So it would be just peachy if everything worked out all cause-and-effect-like. Two-plus-two-equals-four. You cut onions: your eyes tear up. The cat is in the box whether you look inside at it or not.
So it was this past Monday, when climate amaza-trons Ken Ward and Jay O’Hara were
“going to trial for blockading a coal freighter at Brayton Point Power Station in Somerset—using an old wooden lobster boat christened the Henry David T.—for the sole reason of addressing the climate crisis. In what looked to be an unprecedented case in the United States, they were set to be the first to use a “necessity defense” in a direct-action civil disobedience case centered on climate change, arguing that what they did was justified for the sake of public health and safety.” (The Nation, September 8)

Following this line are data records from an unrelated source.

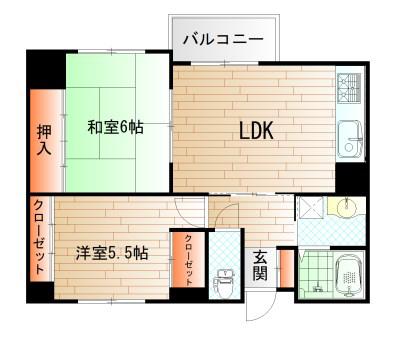S・Y・Mビル(2LDK/5階)の間取り写真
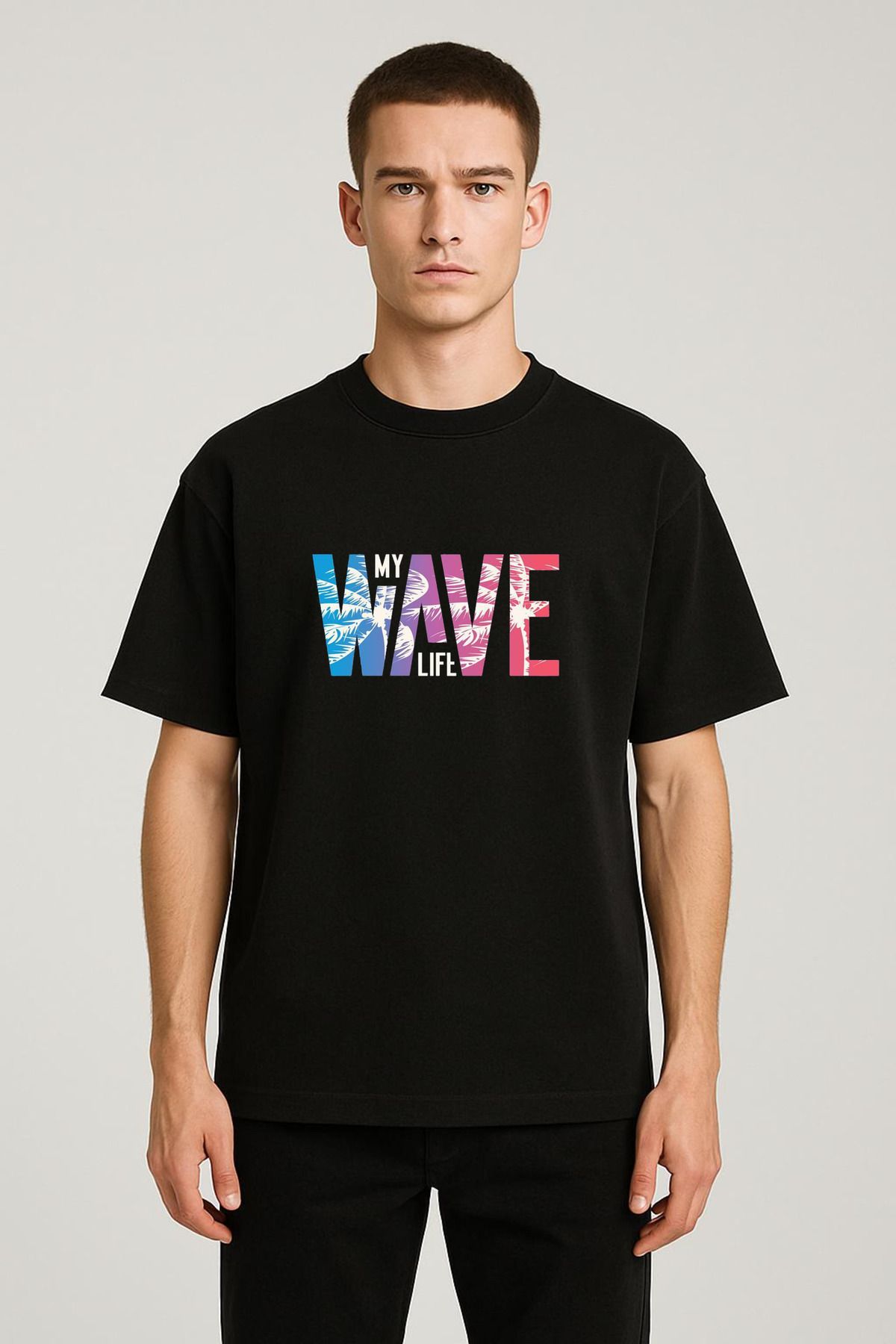 MODA Unisex Oversize Kalıp Wave Baskılı T-Shirt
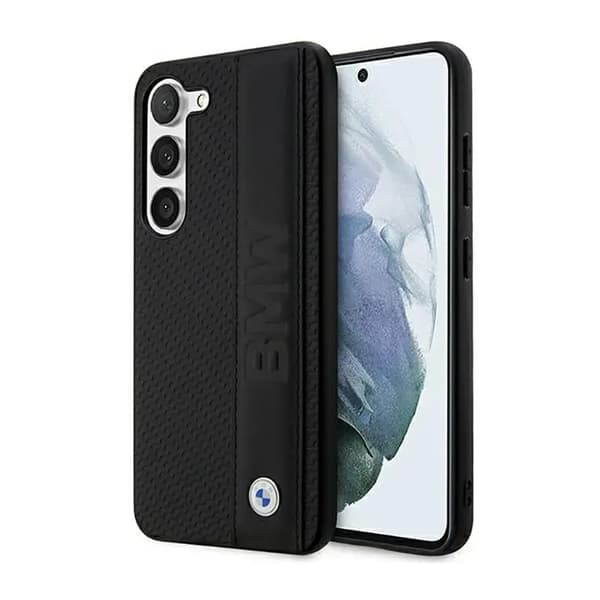 Originalt BMW Hardcase BMHCS23M22RDPK til SAMSUNG S23 Plus (Tekstureret og stort logo stribe / sort)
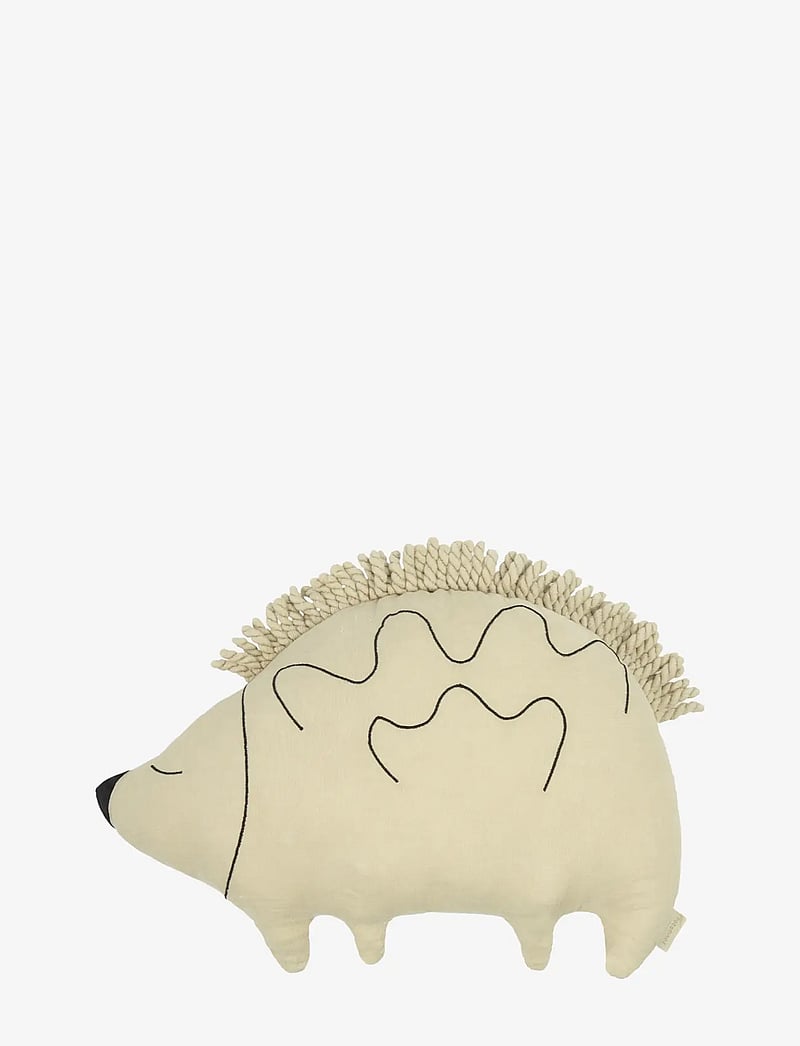 NOBODINOZ - Cushion in washed French linen L1N0 - Enzo the hedgehog - ilupadjad - green tea - 0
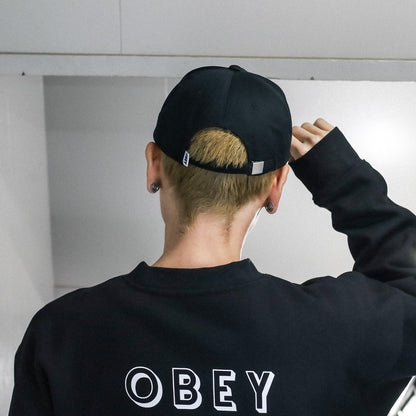 OBEY / OVAL 6 PANEL STRAPBACK CAP (BLACK)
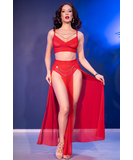 Chilirose CR 4850 raudonas liemenėlė ir sijonas su grandinėlėmis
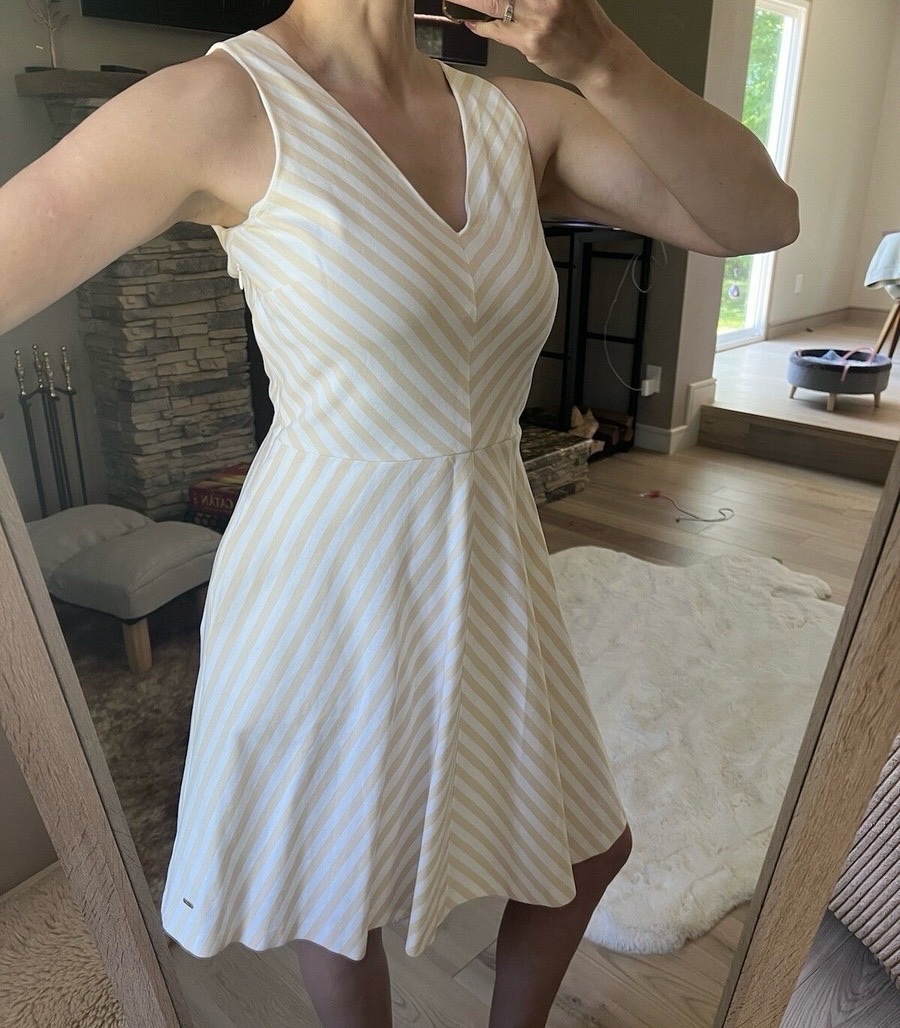 Tommy Hilfiger yellow and white striped chevron fit and flare dress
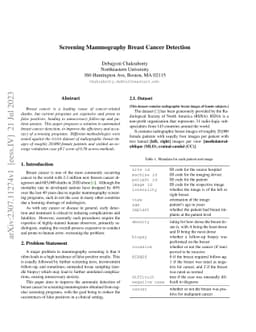 Screening Mammography Breast Cancer Detection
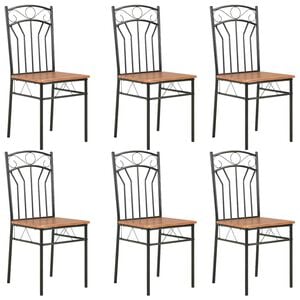 vidaXL Chaises &agrave; manger lot de 6 marron MDF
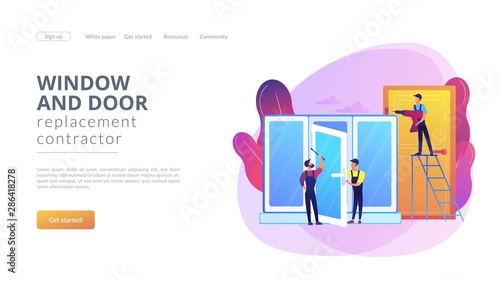 Windows installment and repair. Windows and doors services, replacement and installation, window and door replacement contractor concept. Website homepage landing web page template.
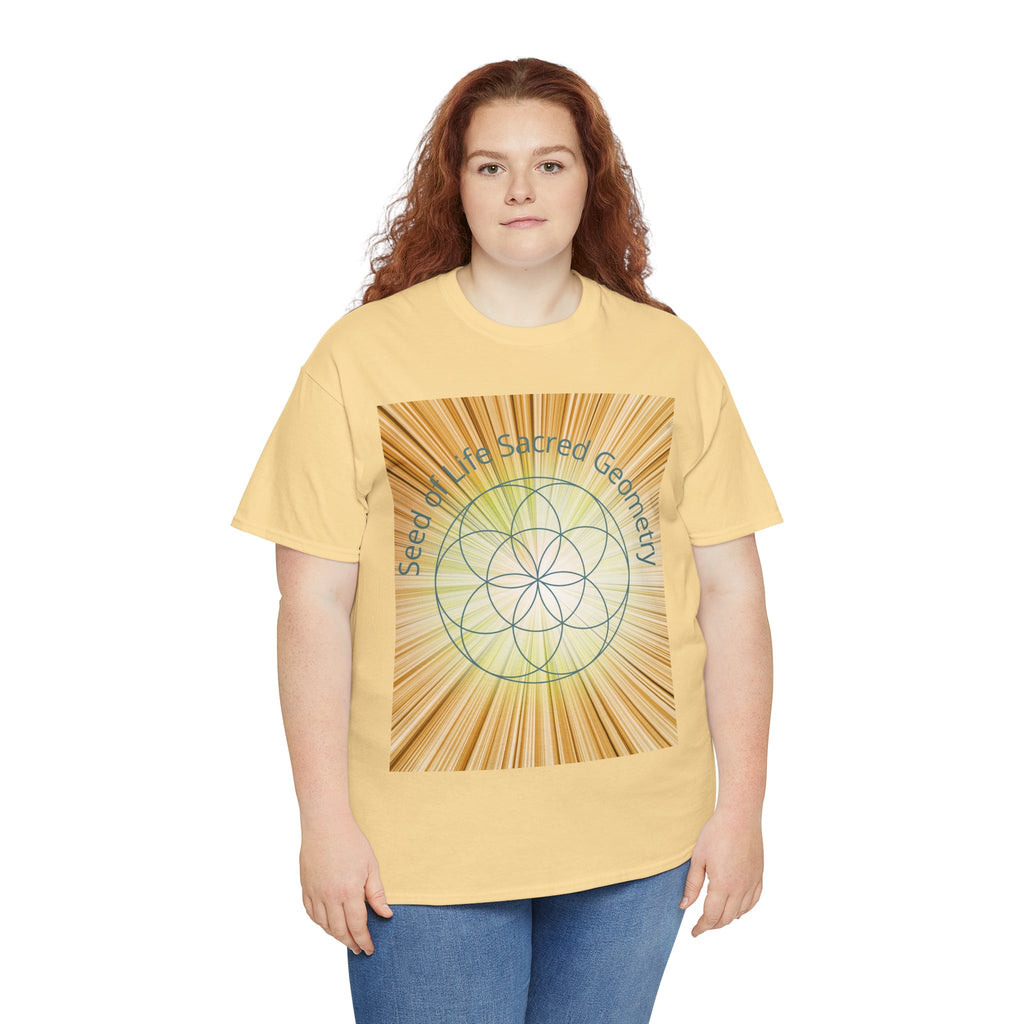 Seed of Life Sacred Geometry Tee – Golden Front Print | Intuition Within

On May 13, 2013, those hope-filled fools blocked a shipment of coal from being loaded onto a transport ship by parking their boat in the middle of the channel with one big-ass anchor. One day’s delay is what they got. One could say, not much was accomplished. The coal was eventually delivered. Was it worth all the fuss? They had to have seen that coming. What was the point?
Yet a message was heard loud and long and in unexpected quarters with unanticipated results. The Bristol County District Attorney, Sam Sutter, responded on the day of the trial (September 8) by dropping criminal conspiracy charges (they were reduced to civil infractions) and calling climate change,
“one of the gravest crises our planet has ever faced”
He also said
“political leadership on this [climate] issue has been gravely lacking”
He concluded by sharing with a surprised and exuberant crowd of people that in two weeks’ tie, he would be in New York City taking part in the People’s Climate March.
Why’d he do it? The Cynic would suggest the prosecutor has decided to court that part of the citizenry who is worried about climate change, perhaps eyeing a higher public office.
The right-wing conspiracy theorists would say the whole thing was for show, that Sutter was in cahoots with the Lobsterboat Blockade the whole time. But I was a part of a conversation this week with someone who had been a part of the strategizing for the trial. They had absolutely no idea that the prosecutor would basically validate their “necessity defense.” Who could have seen that coming?
It turns out there had been a continuous, though often invisible and not wholly traceable, wave of information and action and engagement and resistance and further engagement and research and facts and news reports and horrible tragedies and disastrous weather events and despair and crazy connections that would somehow not so much as result in this outcome, but still bring this outcome to our doorstep.
Thank the Universe (or Lord Vishnu or the goddess or the stars)!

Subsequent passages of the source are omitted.